Story of Locksmith

With 37 years in the business, Rob Kowal still encounters formidable locks—and clients.

Rob Kowal

Rob Kowal


Meet the smiths. His last name “is short for Kowalski,” Kowal explains. “In Polish, ‘-ski’ means ‘son of.’ For us, it was ‘son of blacksmith.’ His father liked the idea of being a smith, so “he started a locksmith’s shop in Carson City, Nevada. He taught my oldest brother, who taught me, and then I taught my younger brother.”

Born around the Fourth of July. That’s when Kowal founded Liberty Locksmith of Apopka in 1999, three years after he arrived in Central Florida. As for the name, “My grandfather came to Ellis Island from Poland in the early 1900s, and settled in Jersey City, which is how we got the name Liberty, because the Statue of Liberty is in Jersey City. It was in my backyard.”

Buyer beware. “Most states don’t require locksmiths to have a criminal background check,” including Florida, says Kowal, whose website prominently advertises his criminal background check policy. “You’ve got criminals coming out of jail for breaking and entering.” When they can’t get a job, they consider becoming a locksmith.

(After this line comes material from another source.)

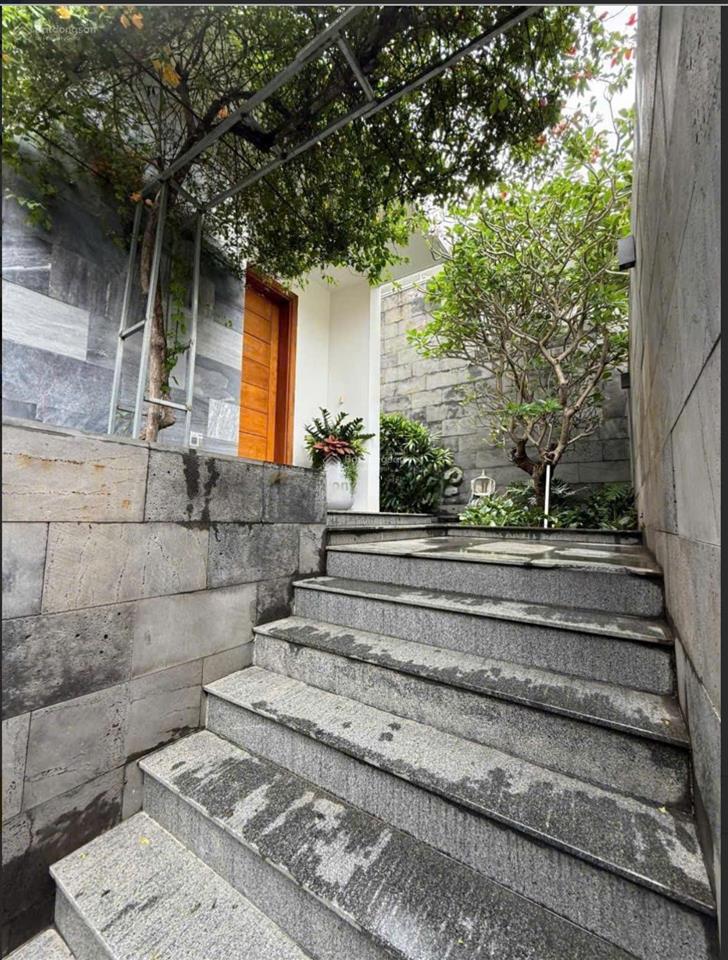 69 tỷ  bán biệt thự hồ bơi nguyễn văn hưởng tđ q2  dt 171m2  hầm 4 lầu  chdir 69 tỷ tl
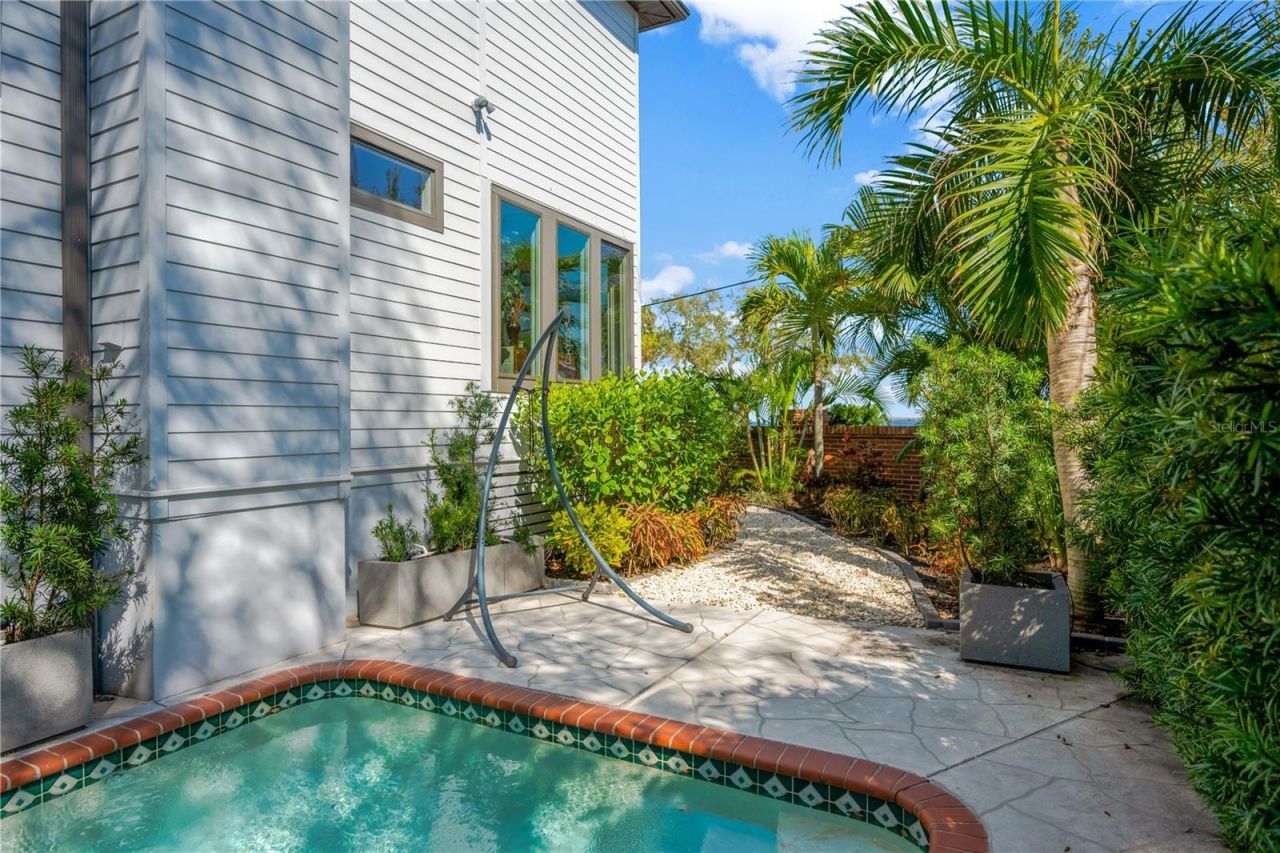 2802 Northpointe Lane, Tampa, FL 33611 Photo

No one is going to ask any questions. “You just go downtown and get a business license, and that’s all you need.”

Locksmith beware. “So I went to this one house in downtown Orlando. The woman wasn’t acting right.” Kowal requires a valid ID to open a house for someone, but the woman said her license was locked inside the home. It turned out the house belonged to her brother, who had recently died; she had driven from Tampa to get at his possessions before her sister did. Kowal called police.

A lot of experience and a little luck. Unlike TV representations of lockpicking, “it takes two tools: a turning wrench and then the pick.” And some locks won’t give no matter what. “You can’t always pick a lock. There are more and more locks that are not pickable, and you have to drill them out.”

Safety is key. “People should rekey their locks, but they don’t. It’s silly. They buy a new house, and they don’t rekey the lock. It’s cheap insurance.”

He’s left cars in the dust. Cars are too cost-prohibitive to justify Kowal’s time. “You have to put so much money into the electronic programming equipment and the electronic key fobs, and then every six months you have to buy an update because they change. People say, ‘I had to pay $250 for this key.’ I’m like, ‘Yeah, I had to pay $10,000 to make it.’ ”

Working evictions is the worst. “I’ve done a couple where they had the sheriff there, and they had a moving company there. People were literally getting dragged out of the house, and their furniture was getting dragged to the street.”

Late-night sting. Kowal has done undercover work for the FBI, the U.S. Drug Enforcement Administration and the Bureau of Alcohol, Tobacco, Firearms and Explosives. One middle-of-the-night operation required Kowal to enter the house, storage unit and office  belonging to a suspect. After opening the building, “I’m sitting in my car and these guys are all covered with helmets and machine guns, and I thought, “What am I getting myself into here?”